→ EXERCISE INSTRUCTIONS:
The lines from the one containing "You need to" through the last one in the data: please copy those exactly, and only those, without the pictures.

(Stored data entries)
--- START ---

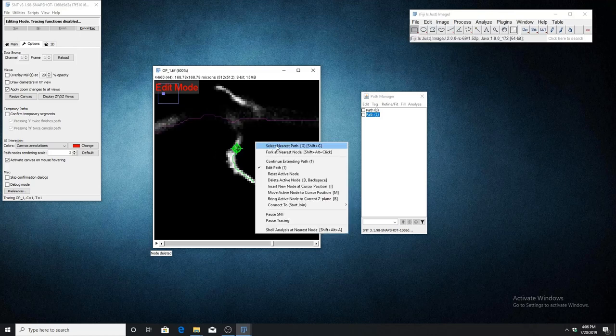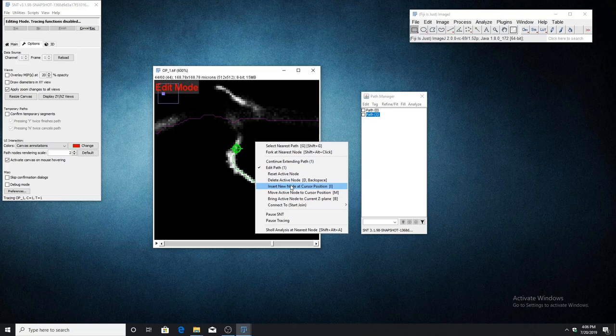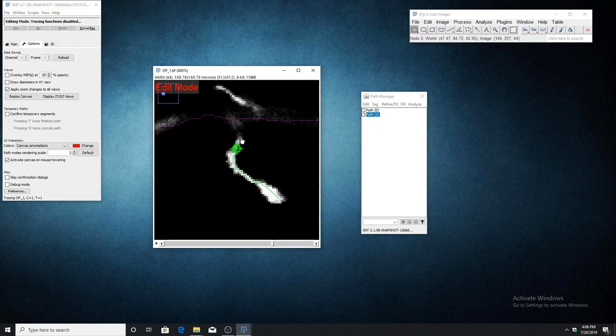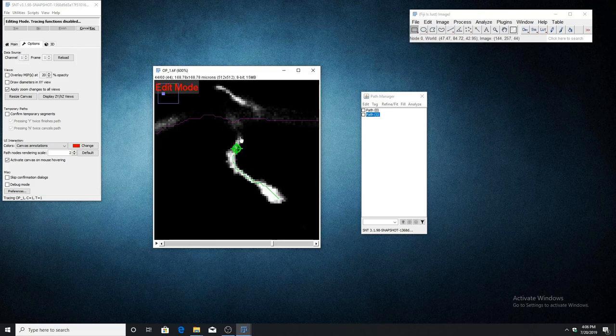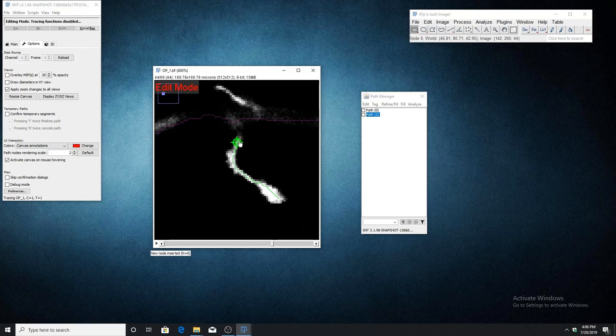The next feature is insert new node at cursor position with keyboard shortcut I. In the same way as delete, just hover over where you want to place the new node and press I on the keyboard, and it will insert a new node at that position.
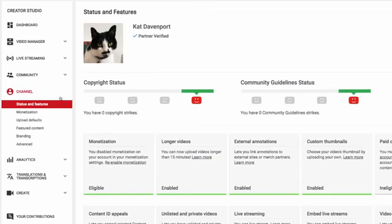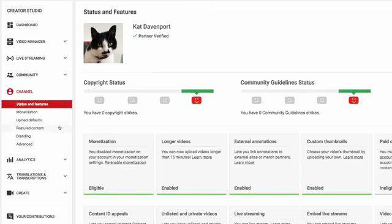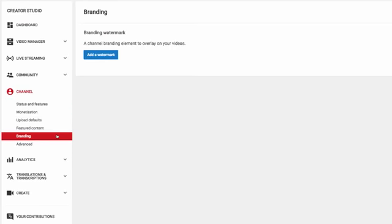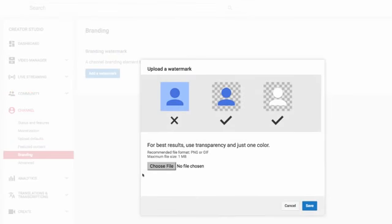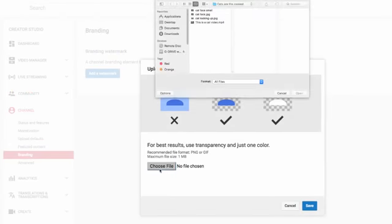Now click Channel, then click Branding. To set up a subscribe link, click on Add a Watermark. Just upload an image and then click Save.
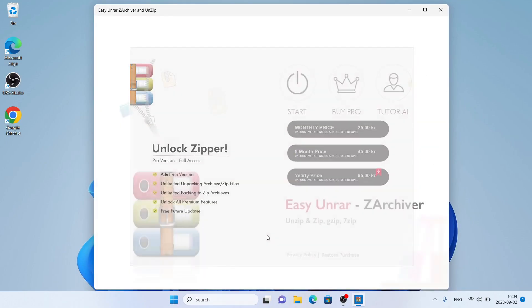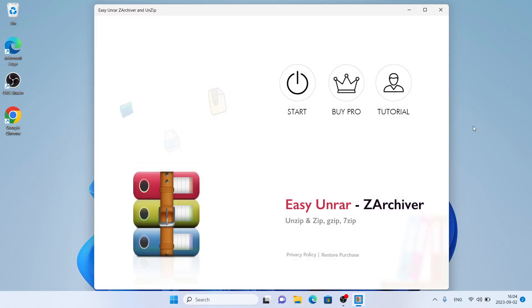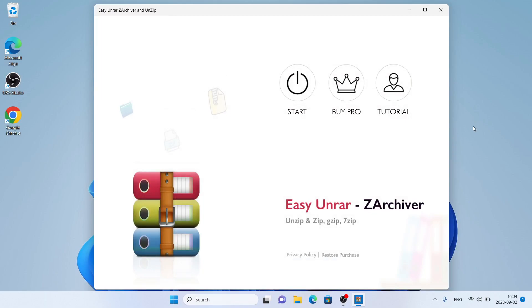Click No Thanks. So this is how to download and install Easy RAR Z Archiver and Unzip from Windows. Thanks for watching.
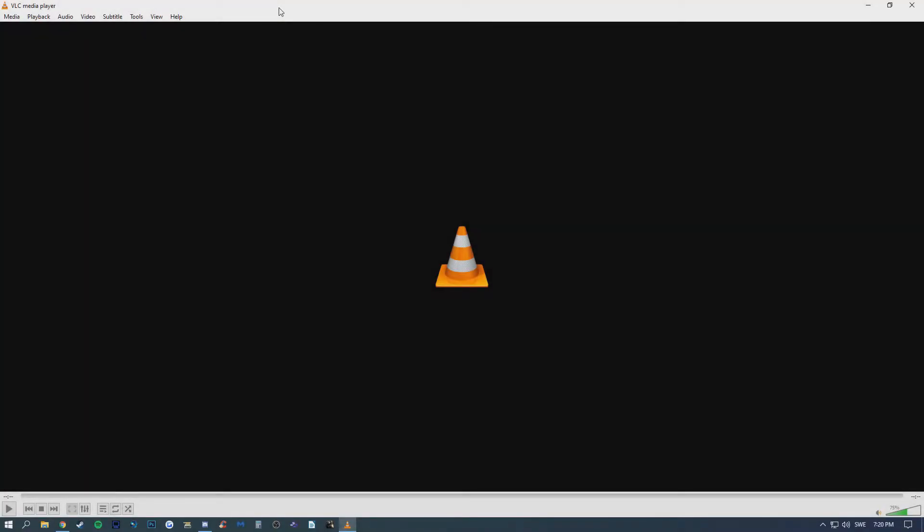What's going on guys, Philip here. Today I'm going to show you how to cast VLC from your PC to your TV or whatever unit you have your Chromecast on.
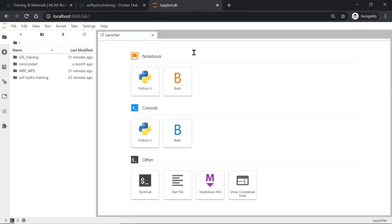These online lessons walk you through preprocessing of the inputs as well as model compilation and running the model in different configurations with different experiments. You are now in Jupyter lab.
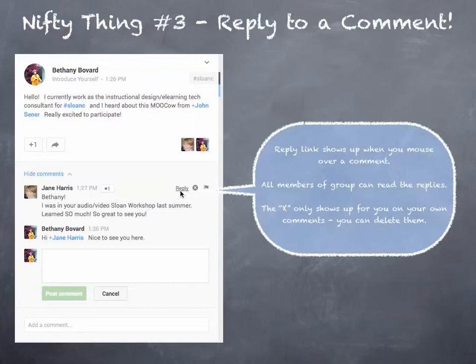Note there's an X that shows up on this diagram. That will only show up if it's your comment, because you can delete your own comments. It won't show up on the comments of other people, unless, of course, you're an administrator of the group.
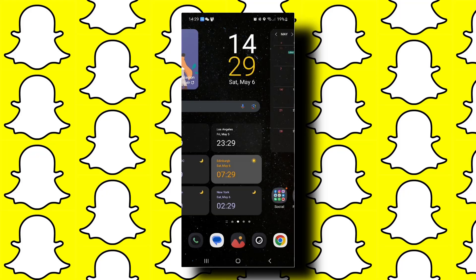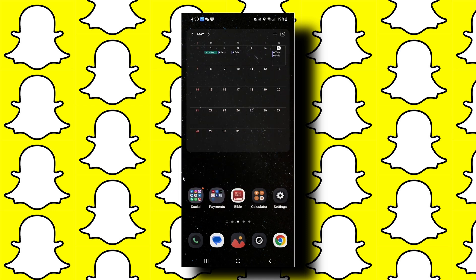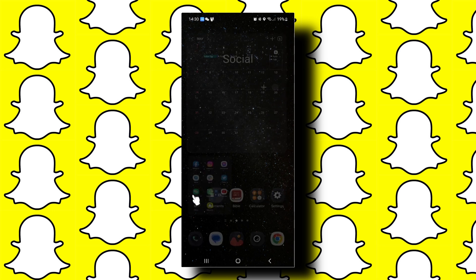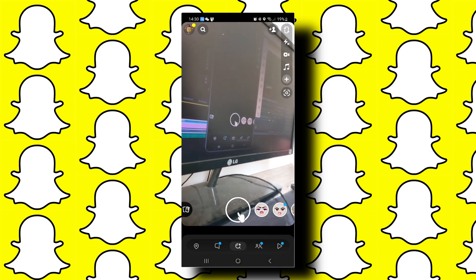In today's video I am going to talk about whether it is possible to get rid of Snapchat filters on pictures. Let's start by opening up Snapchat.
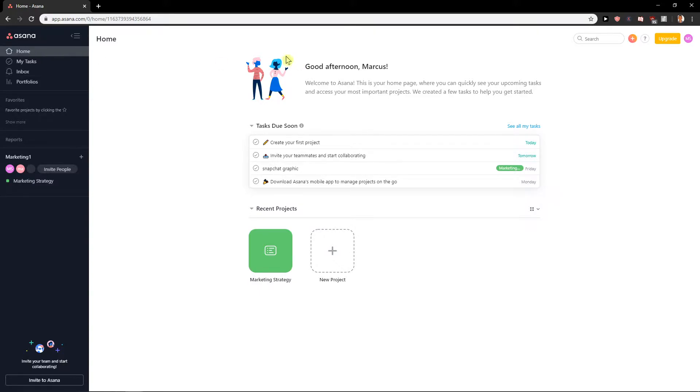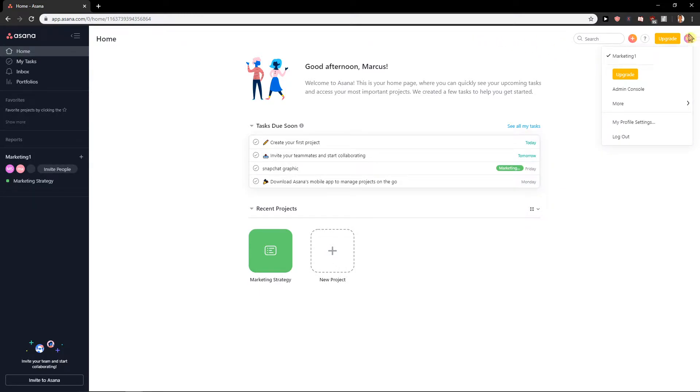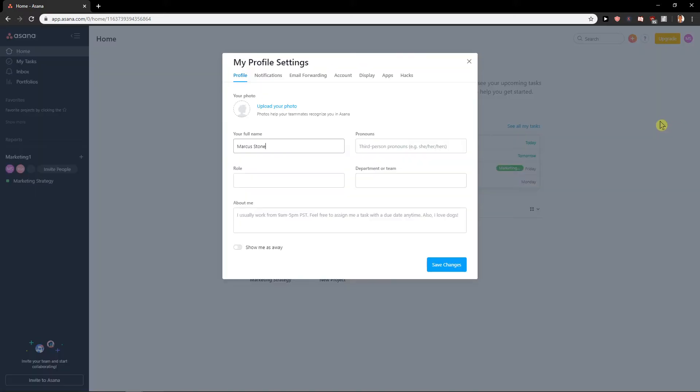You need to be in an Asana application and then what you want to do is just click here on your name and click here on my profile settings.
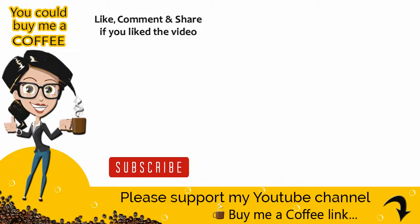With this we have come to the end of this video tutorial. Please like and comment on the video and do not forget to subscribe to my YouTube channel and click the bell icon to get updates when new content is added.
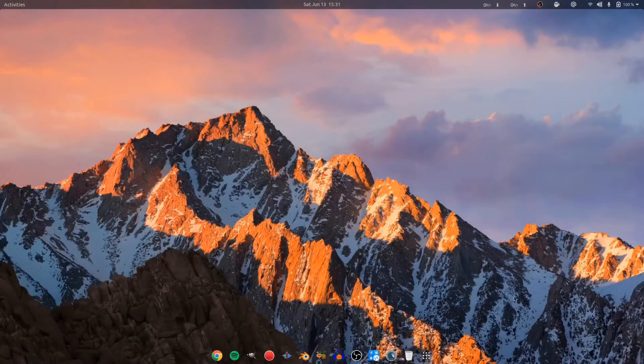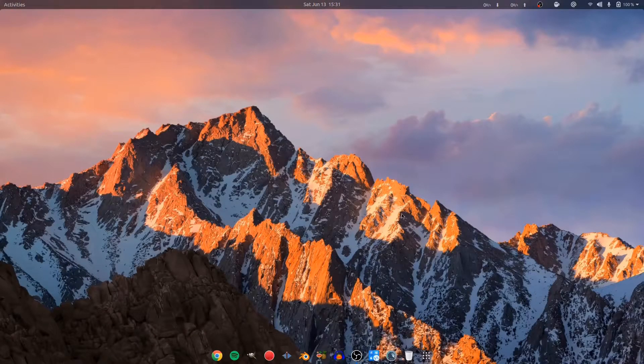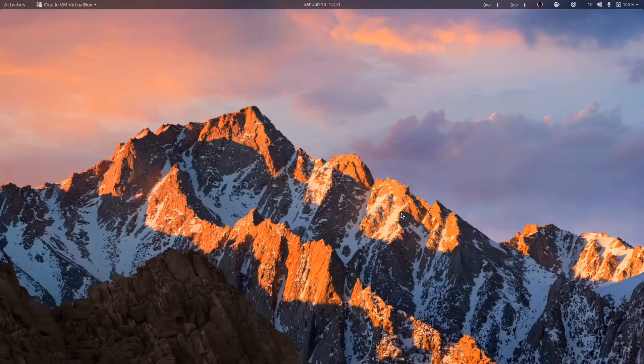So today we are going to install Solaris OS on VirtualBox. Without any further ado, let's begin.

--- END ---

→ YOUR SOLUTION:
You need to be in an Asana application and then what you want to do is just click here on your name and click here on my profile settings.
With this we have come to the end of this video tutorial. Please like and comment on the video and do not forget to subscribe to my YouTube channel and click the bell icon to get updates when new content is added.
So today we are going to install Solaris OS on VirtualBox. Without any further ado, let's begin.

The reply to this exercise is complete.